I don’t think this is a fair list.

Multiple functions have already been referenced in regards to the result type
“Specific defined” (to me, at least) implies publicly defined, which is not the case or we wouldn’t be having this discussion. And our policy is that if it’s not publicly defined, it’s an implementation detail, which is deliberate because it allows us to change things in future releases. The fact of it being a single possible type now does not mean it will always be.
The protocol is defined and established in the documentation (“attributes match the arguments to …”), and by the other functions that (indirectly) interact with it.
Granted, but we don’t have an expiry date on API design. If you could show that there have been no critical logging-related issues in that time, I might agree that it’s very unlikely anything may arise, but log4j begs to differ
Existing users of an undocumented type influence our decision to make changes to it, not our decision to document it.

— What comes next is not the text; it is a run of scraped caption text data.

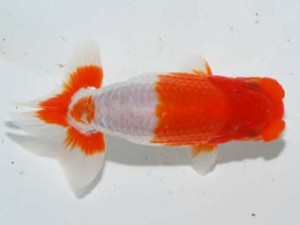 紫錦会　取締一　品川　足立正利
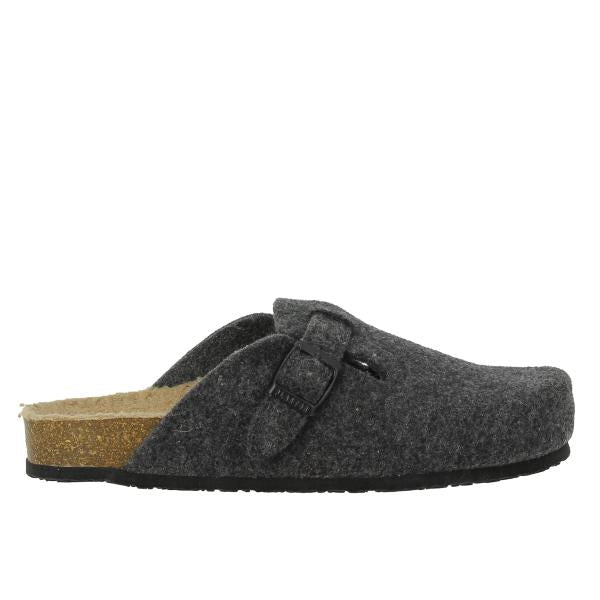 Plakton 171539 ANTRACITA
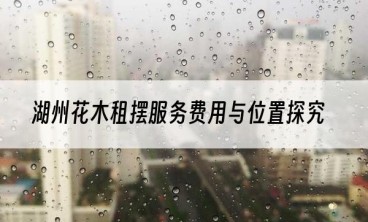 湖州花木租摆服务费用与位置探究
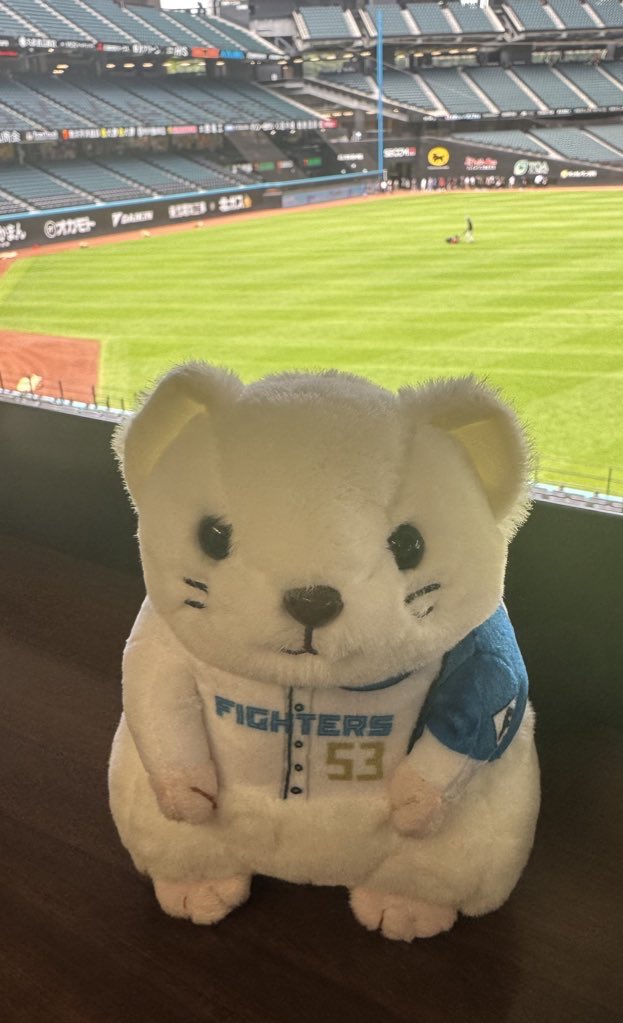 エスコン限定 選手くじ　オコジョぬいぐるみ　3等レイエス選手　4等伏見選手 日本ハムファイターズ 動物ぬいぐるみくじ 4等オコジョ【伏見寅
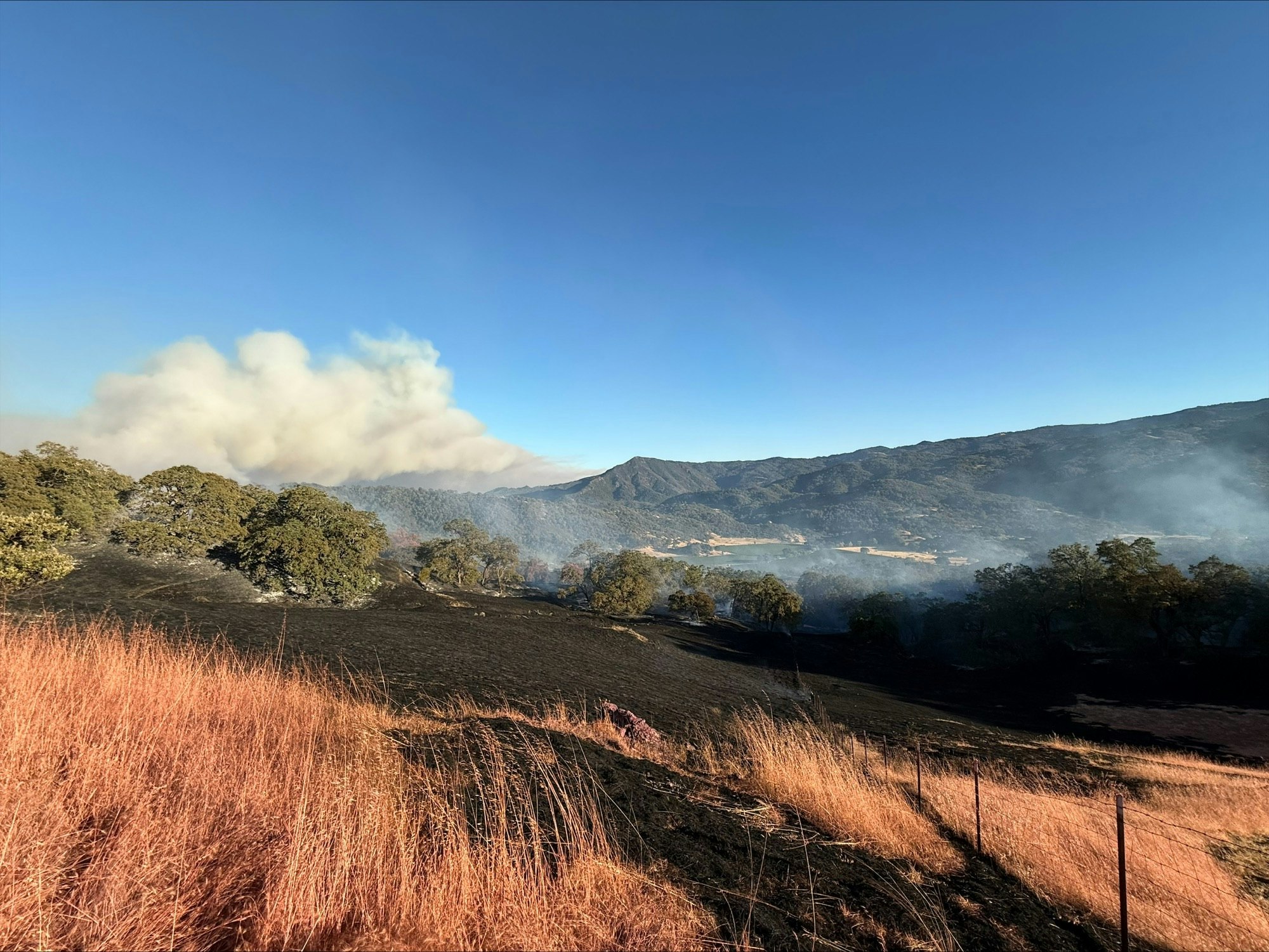 A landscape showing blackened terrain from a wildfire, with smoke rising in the distance under a clear blue sky.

It’s easy to cherry-pick reasons why something fits the shape you want it to fit. We both just did it. My advantage is that I’m appealing to our established and largely unwritten policies, which I know about because I have the advantage of having been hanging around here longer. You can want to change them, which is fine, but not by stealth or by quietly setting new precedents - to change them, post a proposal in Core Development (presumably along the lines of “we currently default to not documenting return types unless the types are independently useful, but I think we should make all results named and documented types/protocols”) and expect it to get to the Steering Council for a decision.